It’s holiday gift giving time and one of the biggest problems with all the elitism and snobbery surrounding the world of wine is that it makes the simple gesture of offering a gift of wine so fraught with terror. And it’s so very unfair and unnecessary.

Wine geeks that we are, we have gotten our fair share of kindly-meant white zinfandel (and if you’re not a wine person and don’t know why this is not a good thing to do, relax, you’ve hit the right page). Yet we have not mocked anyone who has ever done so, nor have we cut said people off or thought less of them. But then, we try to be nice and accept the gift as an attempt to respect who we are.

At the same time, we recognize that there might be a boss, a future in-law or just somebody you would like to know better and you’d like to please and/or impress said person and you know this person likes wine. And the sad truth is, this person may also be a wine snob.

The problem is, there are wines that are pretty “safe,” in that almost anybody who likes wine will be reasonably impressed with a bottle of, say, a cabernet sauvignon from Silver Oak winery. But you’re talking $100 for a bottle of their 2006 cab sauv and that can get pretty pricey. And, truth be told, there are those who think Silver Oak is trading on its label, so you’re still not safe, as it were.

So the first thing to do, if you’re not a wine drinker or know much about wines, is give up on the notion that you’re going to be able to convince a real wine snob that you “know” wines. Because no one knows wine like a wine snob does, unless that person happens to agree with said snob often enough. And that includes people like us who make wine and know what “fine” wine tastes like. That’s what a snob is and why we generally don’t cater to such people. We get that said snob may have a son you’re planning on marrying or may be the manager you’re hoping will promote you. We’re just pointing out that you’re not likely to get on said snob’s good side by trying to impress this person with knowledge you don’t have (and you can’t have it because the only knowledge this person counts as valid is his or her own).

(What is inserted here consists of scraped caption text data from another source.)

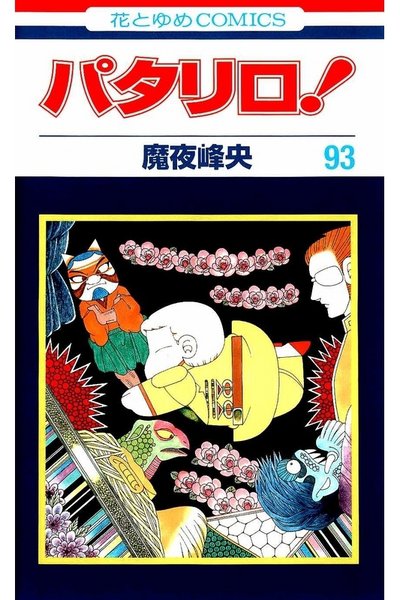パタリロ! 93巻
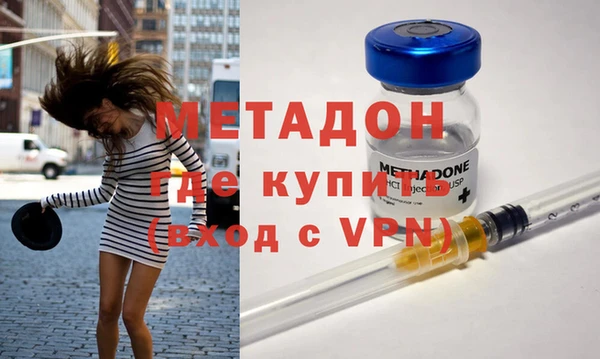 героин Армянск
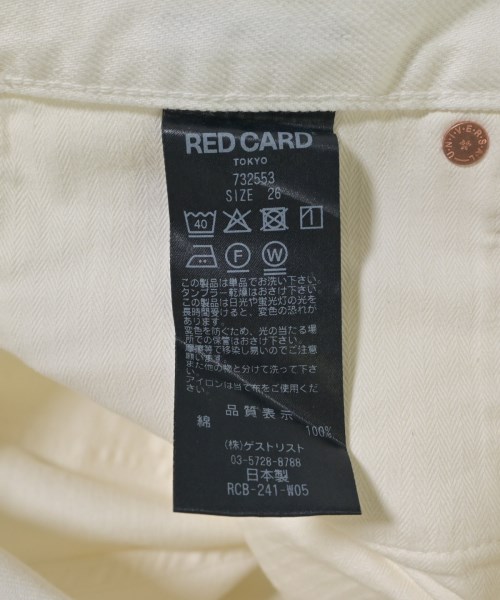 RED CARD（レッドカード）デニムパンツ 白 サイズ:26(M位) レディース/2200691620381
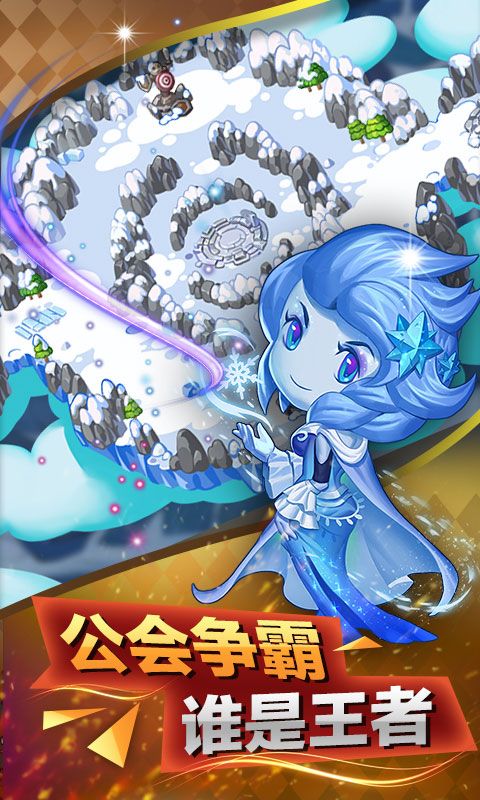 史矛革之怒手機(jī)游戲安卓最新正版截圖1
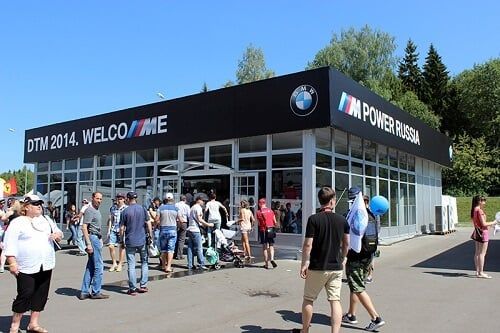 Автосалон BMW — фото 5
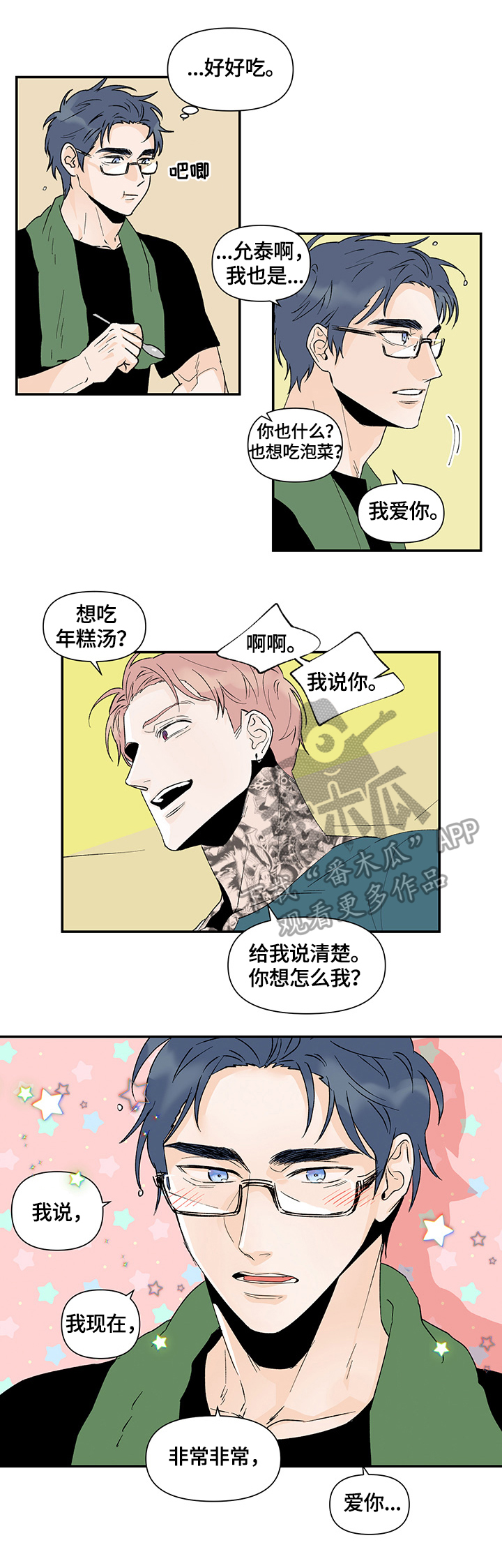 圣诞盒子漫画,第31章：礼物3图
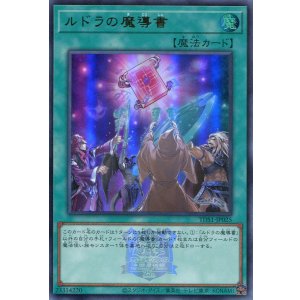 画像: 【特価品】ルドラの魔導書(ロゴ有) TDS1-JP025(ウルトラレア)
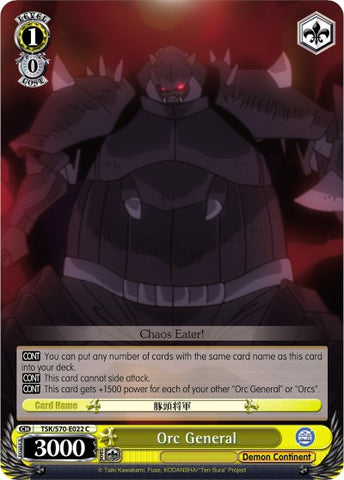 Orc General (TSK/S70-E022 C) [That Time I Got Reincarnated as a Slime]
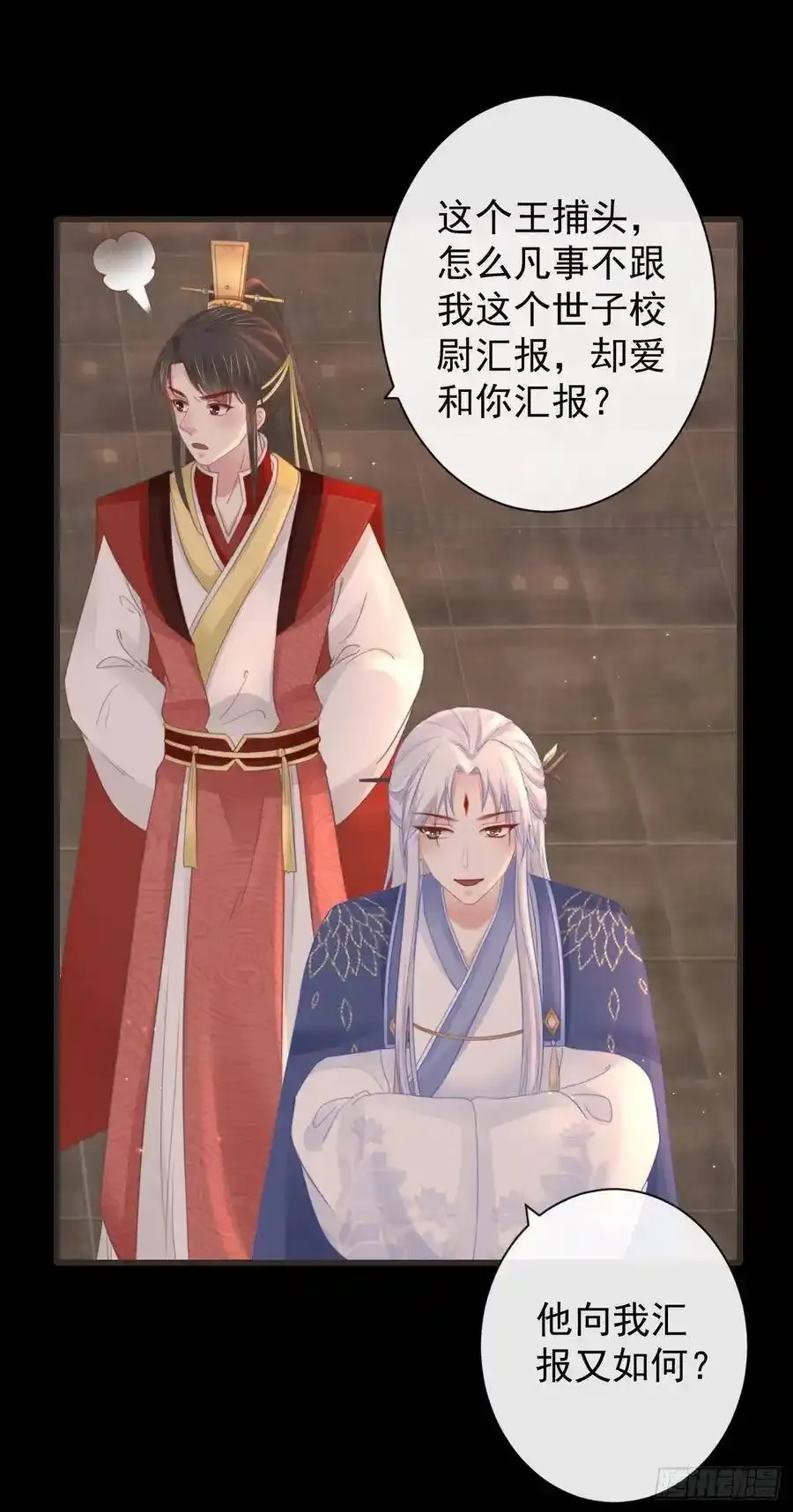 49-鬼工师26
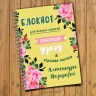 Блокнот именной розы на желтом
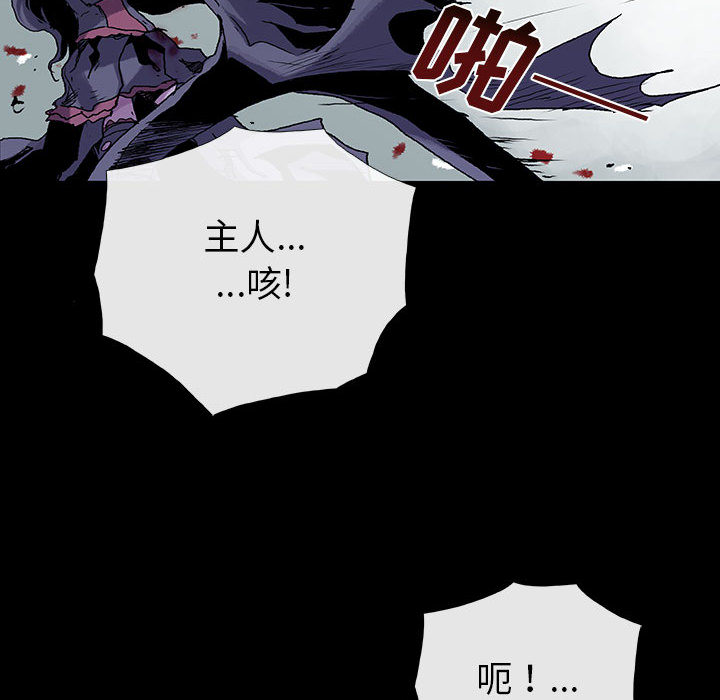 《血刃》漫画最新章节第40话 40免费下拉式在线观看章节第【47】张图片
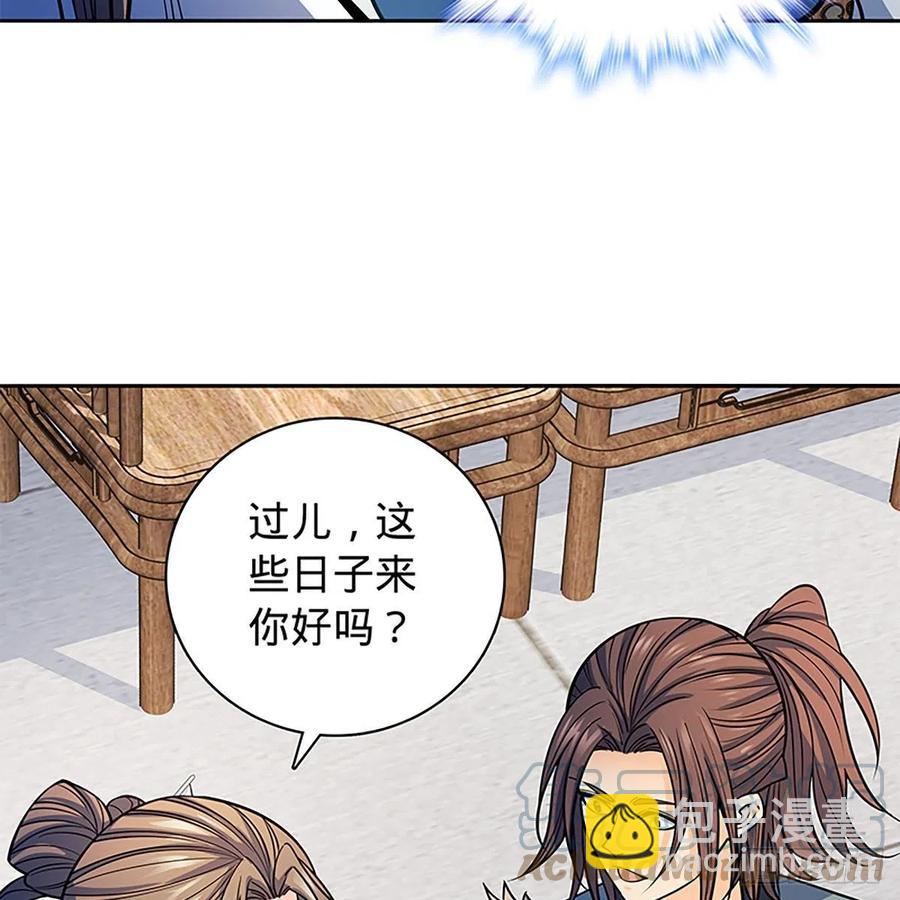 第一百八十七话 剑出鞘刀铿鸣(1/2)-第192话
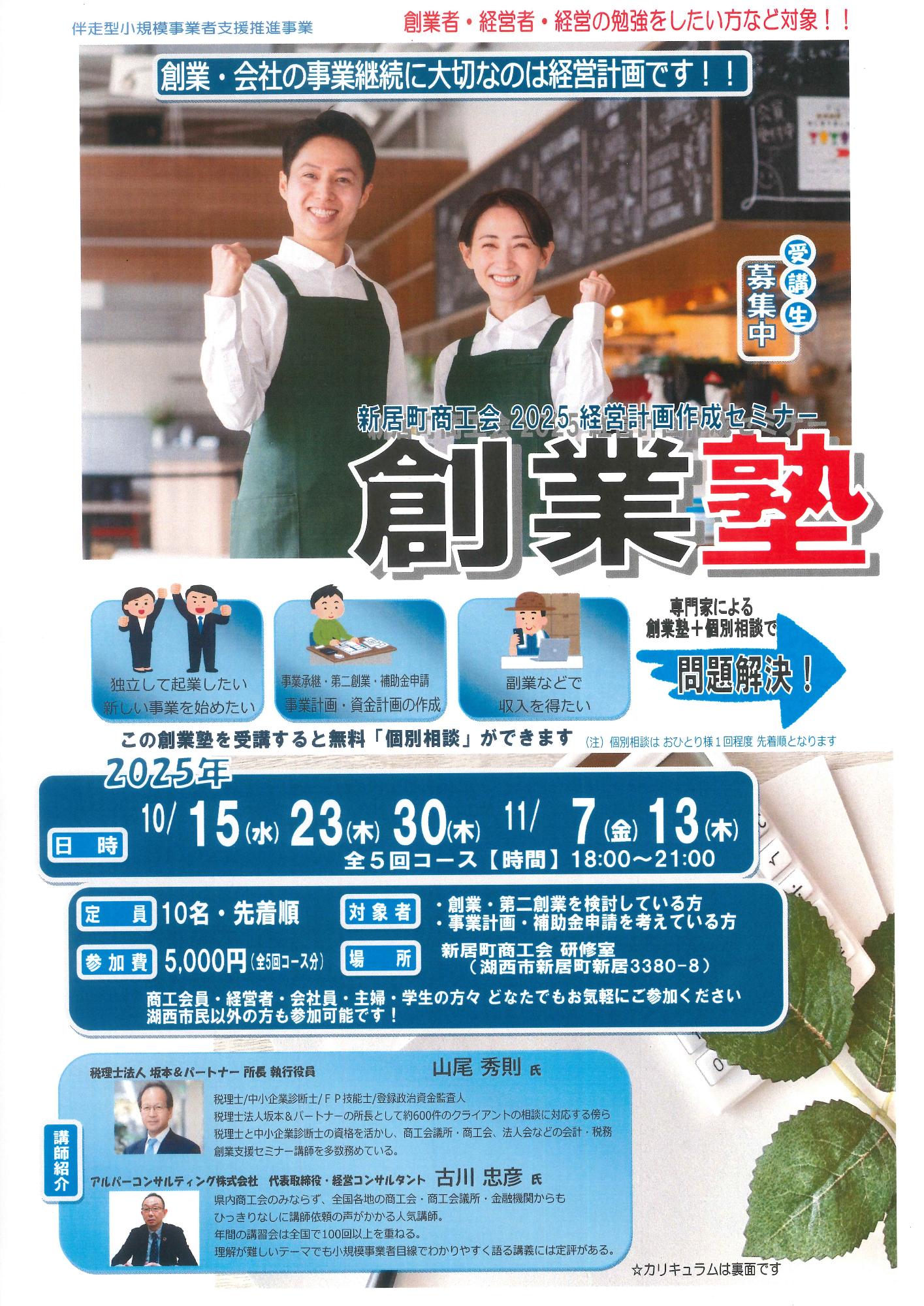 創業塾受講生募集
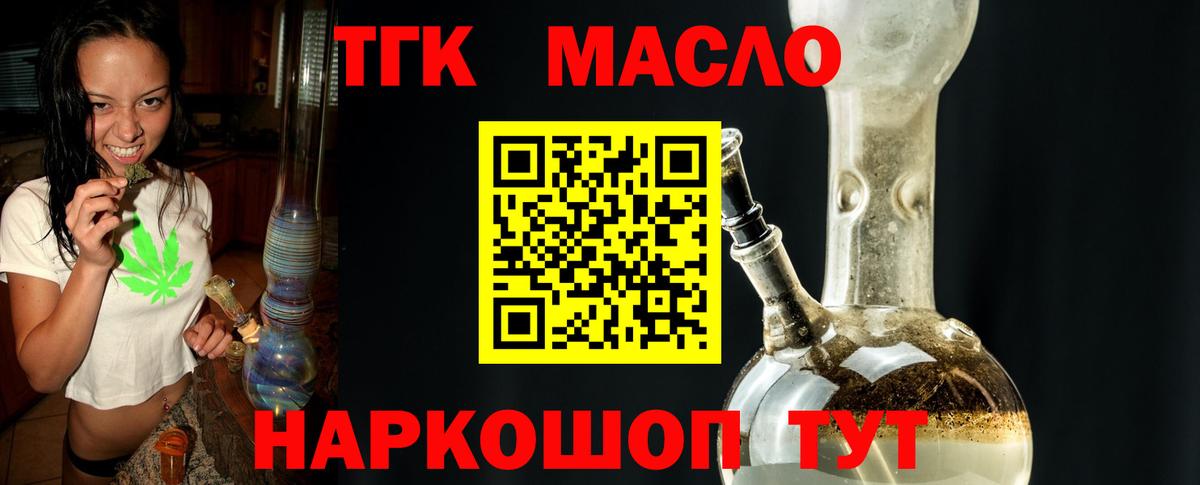 Дистиллят ТГК Wax Северск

That doesn’t mean you can’t give this person a gift of wine that shows some thought and care in the giving. After all, it’s the thought that counts and while you don’t want to send the message that you weren’t thinking, the vast majority of people out there, including wine snobs, are willing to accept that you made an effort on their behalf. As long as it’s clear that you made the effort. Again, we recognize that there are some people willing to attribute the worst motives to you no matter what you do, and at that point you may want to start looking for another job or settle in for a rocky relationship with the in-laws or re-think the potential relationship. But the following tips should help you with the vast majority of folks.

So when you don’t have knowledge, sometimes the easiest thing to do is ask. If you really, really want to keep it a surprise, you can try framing the question as a request for another friend who likes wine. But simply saying you don’t really know that much about wine and want to learn will generally warm the cockles of even the grinchiest of hearts because there are few things wine snobs love to do more than pontificate about their preferences. You might try asking where a good place to get wine is or what’s a good wine for someone who’s really into wine.

Now, if said snob responds with several different preferred wine shops and asks about budget, or asks what your friend likes, then you’re probably not dealing with a true wine snob. Which means you can go to yet another wine store and ask the person behind the counter to guide you to a good bottle of something unusual. If said snob says things, “Well, the only place to go is…” or “Obviously, your friend will only want….” then you are, in fact, dealing with a snob, and it might be time to check out that tie or purse.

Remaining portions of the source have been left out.